Вот что лезло мне в голову во время богослужения, когда мы вместе с длинной процессией медленно продвигались к алтарю с пением «Осанна в вышних!», неся пучки вербы. Бог это Сила и Слава, а мы все жалкие грешники, поскольку Ева отведала плод с древа познания, в наши дни древо познания — это Интернет, у него миллиарды ветвей, распростертых во все стороны, мы не перестаем поглощать его плоды и все больше грешим в своей плотской искушенности, а следовательно, миру всегда будут необходимы чистильщики, и, если я хочу стать чистильщиком, как Иисус, Буш или Шварценеггер, мне нужно знать о зле все.

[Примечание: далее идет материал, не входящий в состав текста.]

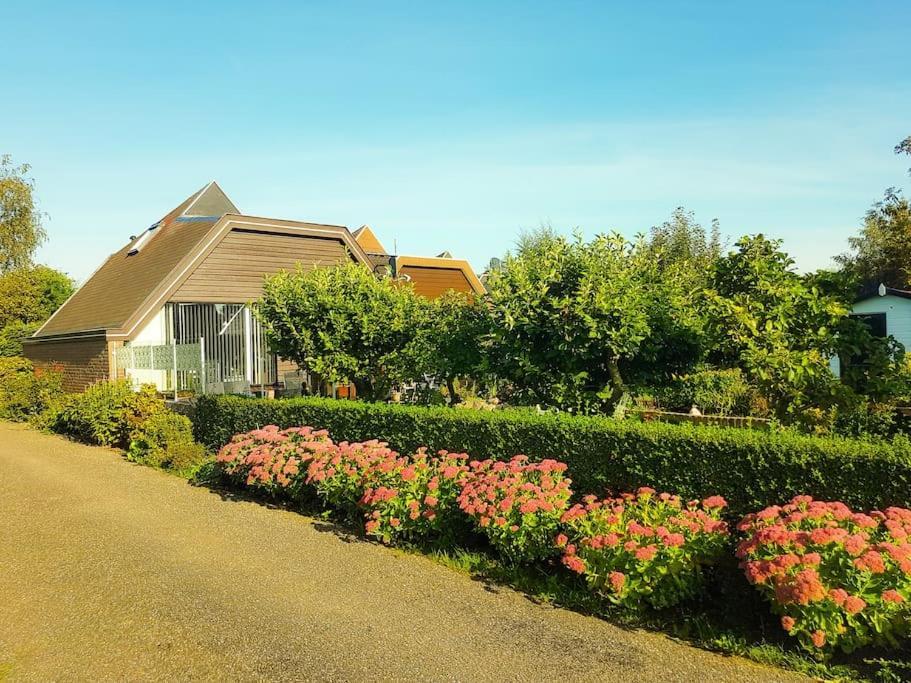 Lovely House Till 6 P. Near Amsterdam, Sea Apartment Opmeer Exterior foto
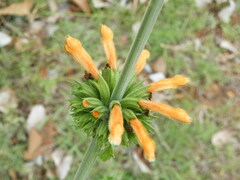 Leonotis ocymifolia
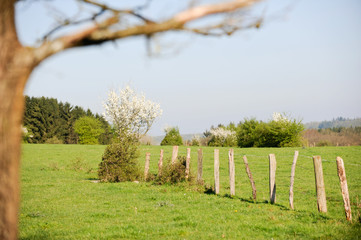 Wall Mural - campagne paysage vert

К Твоим стопам толпа бросает
Охапки верб, свои одежды,
«О Божий Сын! — она взывает. —
Благой Иисус, оплот надежды!»
Пастор принялся что-то там проповедовать насчет войны в Ираке, это напомнило мне кадры с расчлененными трупами иракских солдат, засыпанными песком, а еще — изнасилованных женщин, от этих мыслей мой пенис отвердел, и я, прикрываясь сборником духовных гимнов, стал себя потихоньку ублажать, а коль скоро проповедь была длинной, под конец я от своих наваждений едва в обморок не хлопнулся. Вспоминал, как, бывало, вечером у себя в спальне — «Грядет Господь наш Иисус, Вздымайте вербы, славьте Бога!» — воображал себя конем, исходящим раскаленной пеной, или стреляющим пулеметом, или бомбой в момент взрыва — «Народ Христов, о, пой же хором „Осанну в вышних“!», — и я, ощущая, как силы бушуют в моем нутре, дрочил уже чуть не до крови, а после богослужения родители, пробиваясь сквозь толпу, заполонившую тротуар, все обменивались с кем-то рукопожатиями: «Как дела?», «Рады вас видеть», «Ну, теперь до будущей недели, до Пасхи!» и «Чудесная погода, не правда ли?».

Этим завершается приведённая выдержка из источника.